Sound is also definitely worth a mention – Asus’ SonicMaster tech is now in its third generation and, while it didn’t impress during the keynote (anybody can hold a microphone to a tablet), in a later briefing we had we were pretty impressed at how it filled the room (admittedly the music was of Asus’ own choice). The app to accompany the audio is also an example of some of the nice add-on work Asus is doing.

Extra work on a further SmartNote app (which recognises handwriting on screen) seeks to appeal to those who find the Samsung Galaxy Note 10.1 a draw (if you’ll forgive the pun). You also get a huge 50GB of cloud storage to boot.

Early verdict

With the Padfone 2 Asus has presented a hardware combination that delivers on much of the unfulfilled promise of the original Padfone. If you’re investing in a high end smartphone, it may be a tempting option.

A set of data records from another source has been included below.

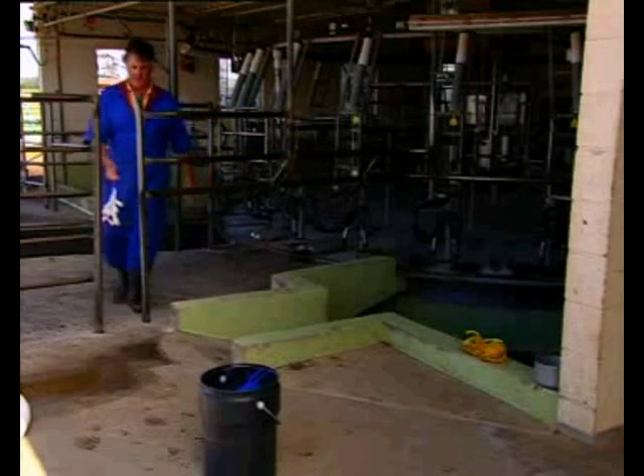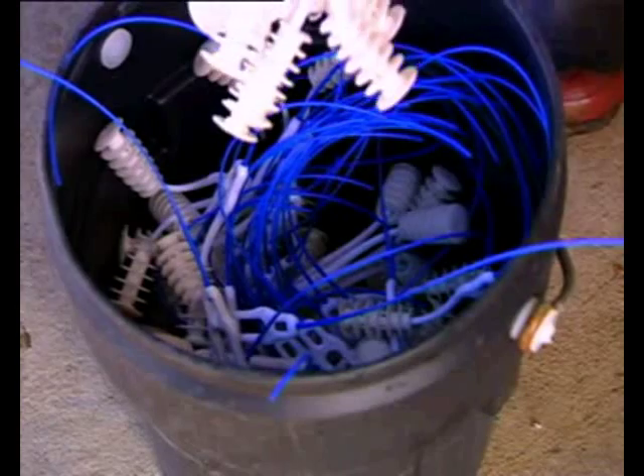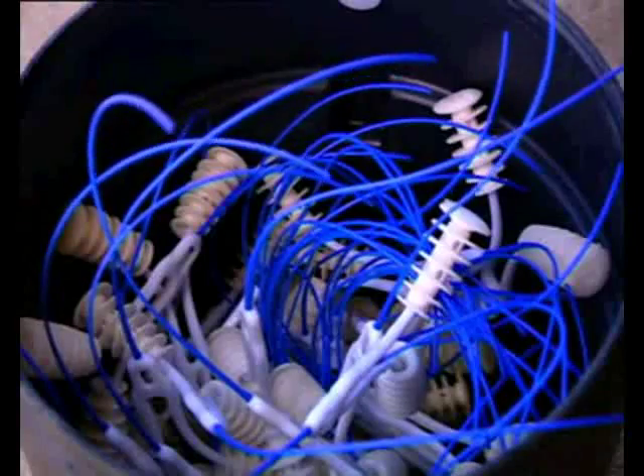It is normal for Q-mate pods to be coated in mucus. Mucus is essential for dissolving progesterone from the Q-mate pods. It is normal for some mucus to appear cloudy. Animals have been examined after treatment and this cloudiness disappears within 48 hours after device removal.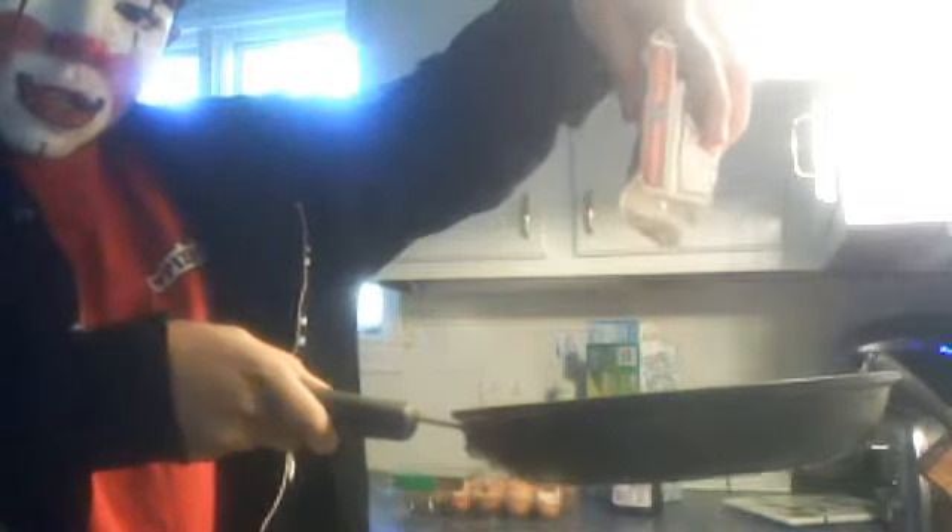Hey guys, just wanted to let you know how I cook my eggs. Take the deck out — yeah, empty box — take the box, squeeze it. Oh, yummy egg. And the egg — it's apart. And that's how I cook my eggs.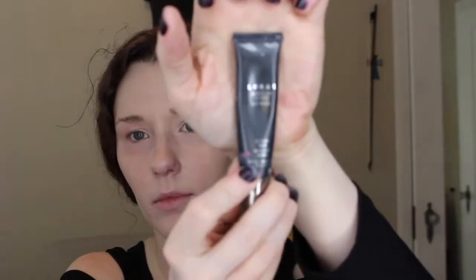Next I'm going in with the Lorac Eyelid Primer. I'm just going to press that onto my fingertips and work it onto the lids.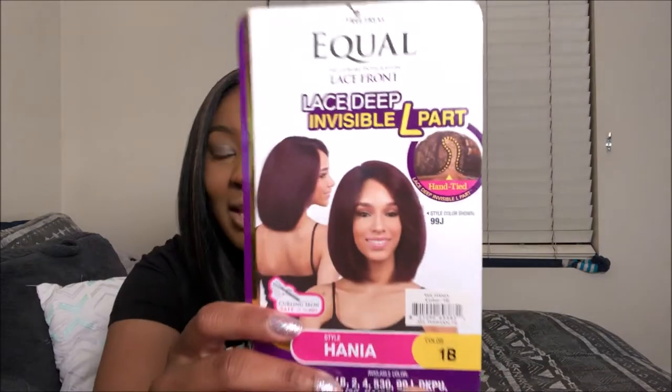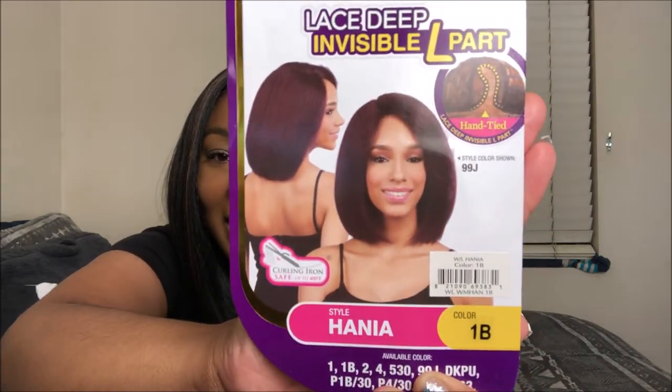All right. So the wig I got was Hania. It is a lace deep invisible L part. I'm going to show you the stock card. I already opened this wig and cut off the lace because I didn't want to look stupid on camera trying to cut it myself. Here's what Hania looks like — I got her in the color 1B. She also comes in 1, 1B, 2, 4, 5, 30, 9, 9J, dark purple, ombre colors — just all types of colors. But I got 1B because I wanted dark hair, and I like dark hair even though this hair has highlights in it.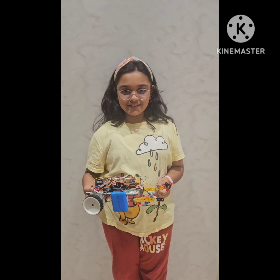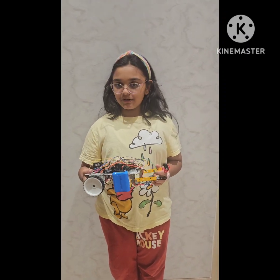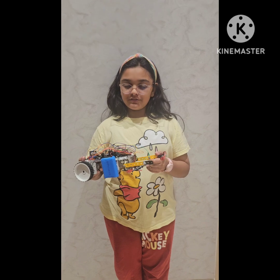My name is Shnaya Chaudhary. I am participating in the RW competition. This is my model for the RW competition.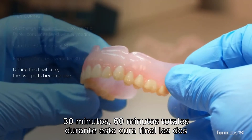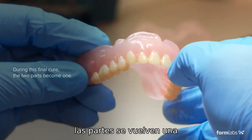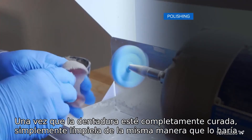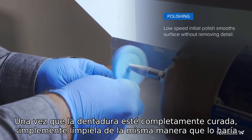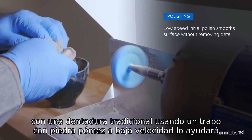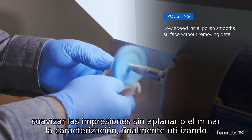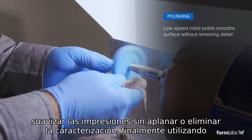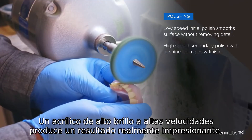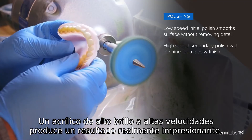During this final cure, the two parts become one. Once the denture is fully cured, simply polish it the same way you would a traditional denture. Using a rag wheel with pumice at low speeds will help smooth the prints without flattening or removing characterization. Finally, using an acrylic high shine at high speeds yields a truly impressive result.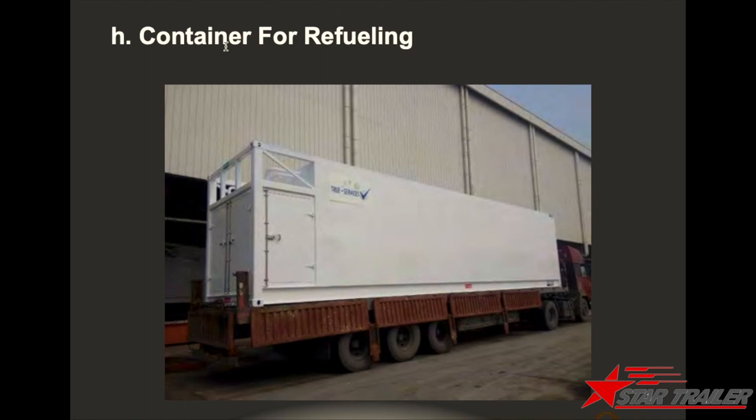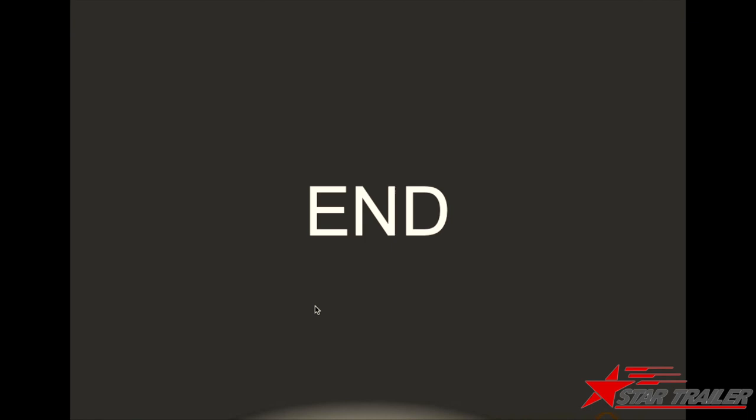We also build refueling containers — some islands don't have gas stations but terminals need a lot of fuel, so they store fuel directly in the container yard to save transportation. That covers all the special equipment we can produce in our factory. If you have any interest, please leave a message or comment and we can give you more detail. Thanks — that's enough for today.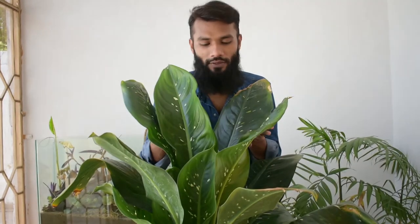Assalamualaikum my dear family, welcome to another episode of Plant in Focus. Today we will see another plant — a very challenging plant that I have brought in front of me. I will share my experience with the particular plant that I will talk about.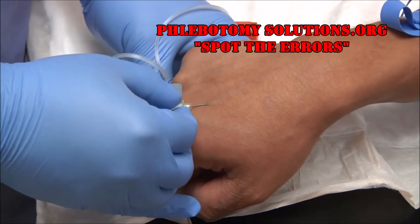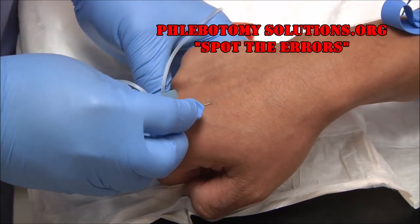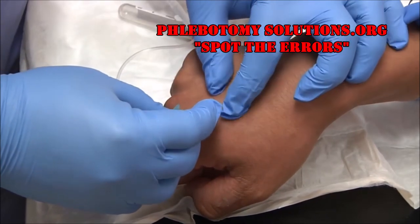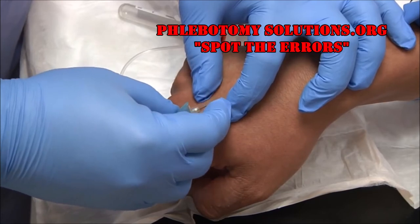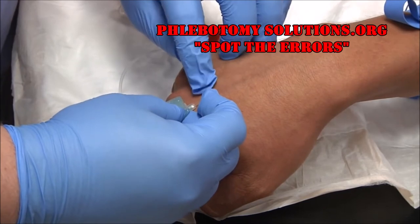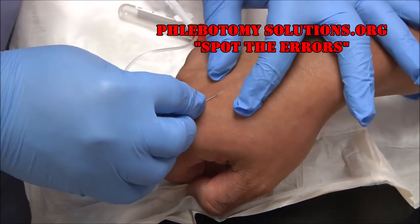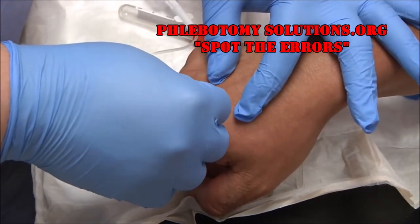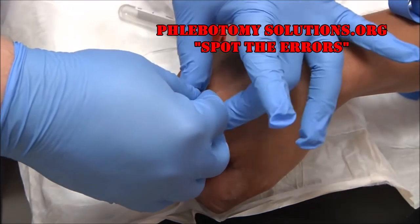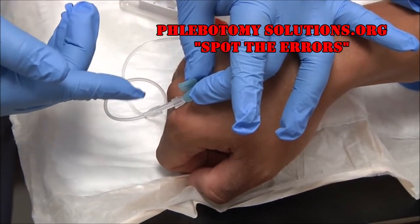One, two, and insert. One of the good things about the butterfly or winged collection set is you will see a flash of blood in the tubing when you've hit the vein. Sometimes you need to readjust your needle. There is my blood flash — you can see a little flash of blood in the tubing.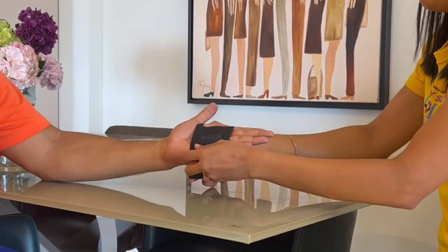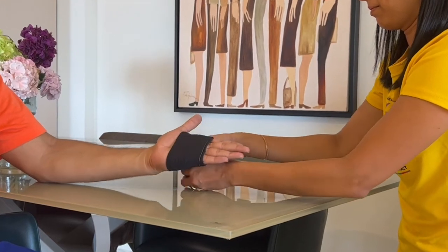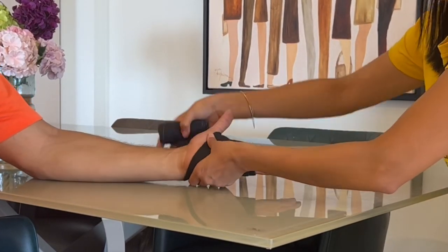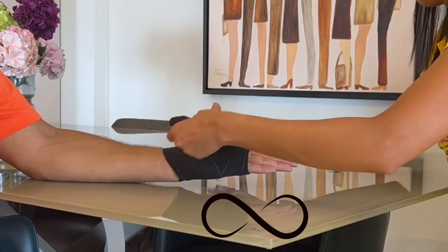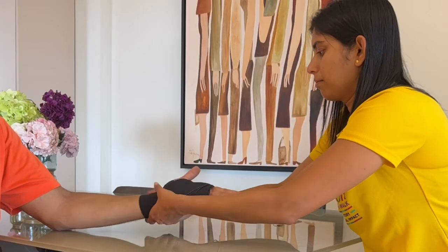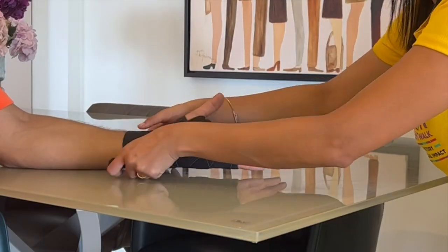For the wrist joint, we'll follow the same pattern as the ankle. A few wraps around the hand to start with, then we go into the figure of 8 pattern again. Make sure that you don't apply the crepe bandage too close to the thumb. Then we end up by applying the last few rounds around the wrist joint for stability.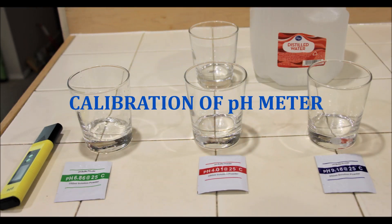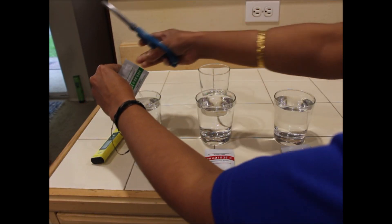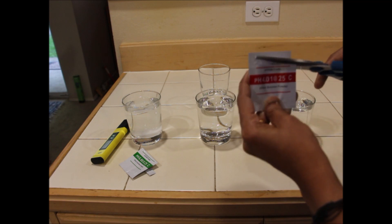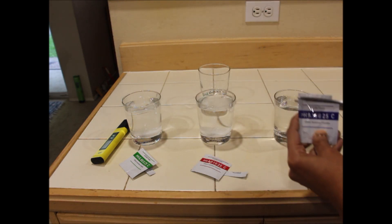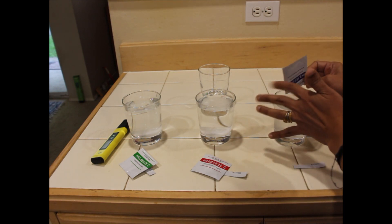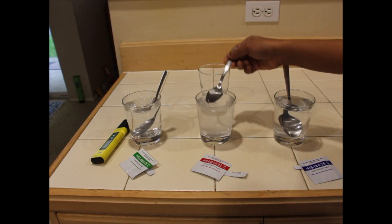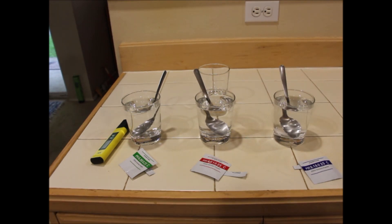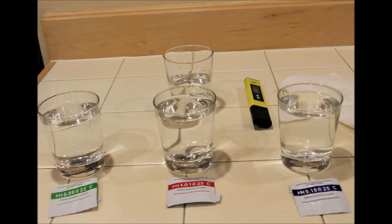This pH meter needs to be calibrated so that it can provide accurate results when we start using it for testing. When you buy a pH meter, you get three solution powders along with the pack — one is neutral with a green label, one is acidic with a red label, and one is basic with a blue label. Take 250 ml of distilled water in three different cups and add these solution powders in each of them. Mix thoroughly so that all the powder is completely dissolved, using three different spoons to avoid cross-contamination. Then take half a cup of distilled water in another glass — this is used to cleanse the pH meter after you immerse it in each solution to ensure accurate results.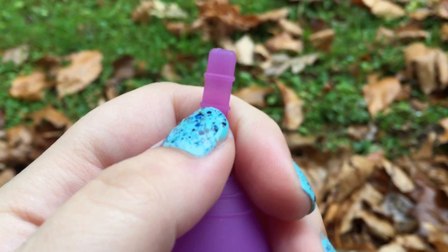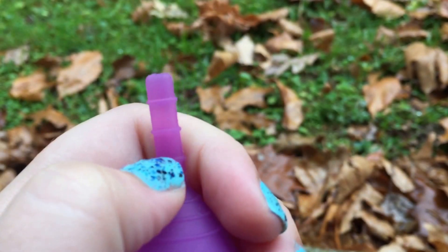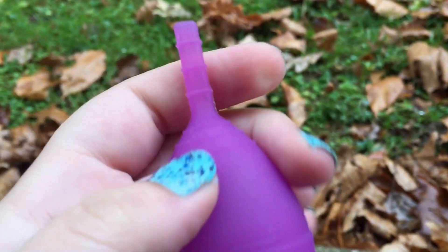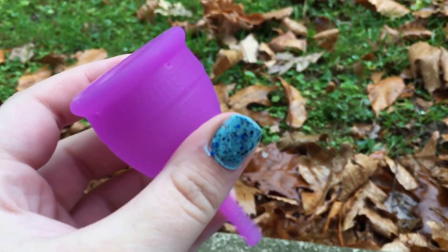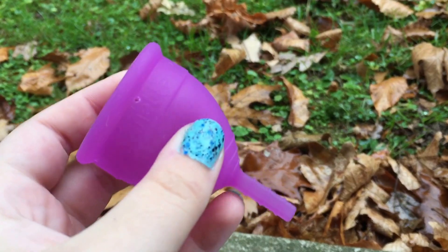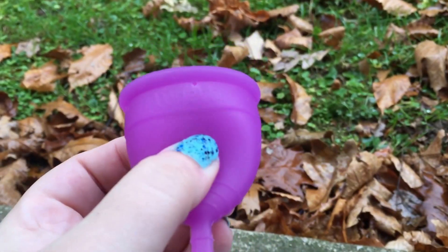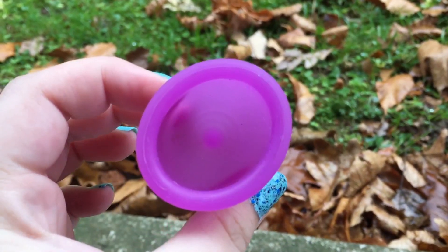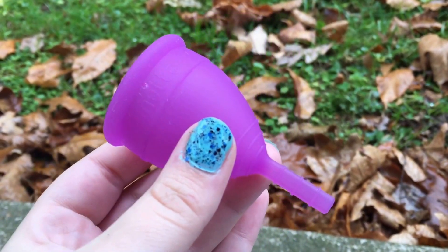It does have kind of a long stem, which I think I'm going to cut off to about right here — this is all I think I'm going to need. Any longer just seems like it might irritate me a little. This is about the size of my smart cup.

It’s expensive when you think about it in terms of a single product, but when you think of it as both a smartphone and tablet it becomes a lot more reasonable – especially when you consider that you’ll only need one data contract (it will be interesting if it comes to 4G tariffs, too).

It’s unlikely Padfone 2 will be a truly dominant force and it probably won’t see Asus taking Apple and Samsung head on just yet, but the Padfone 2 does see Asus offering something unique and doing it with a good deal of style.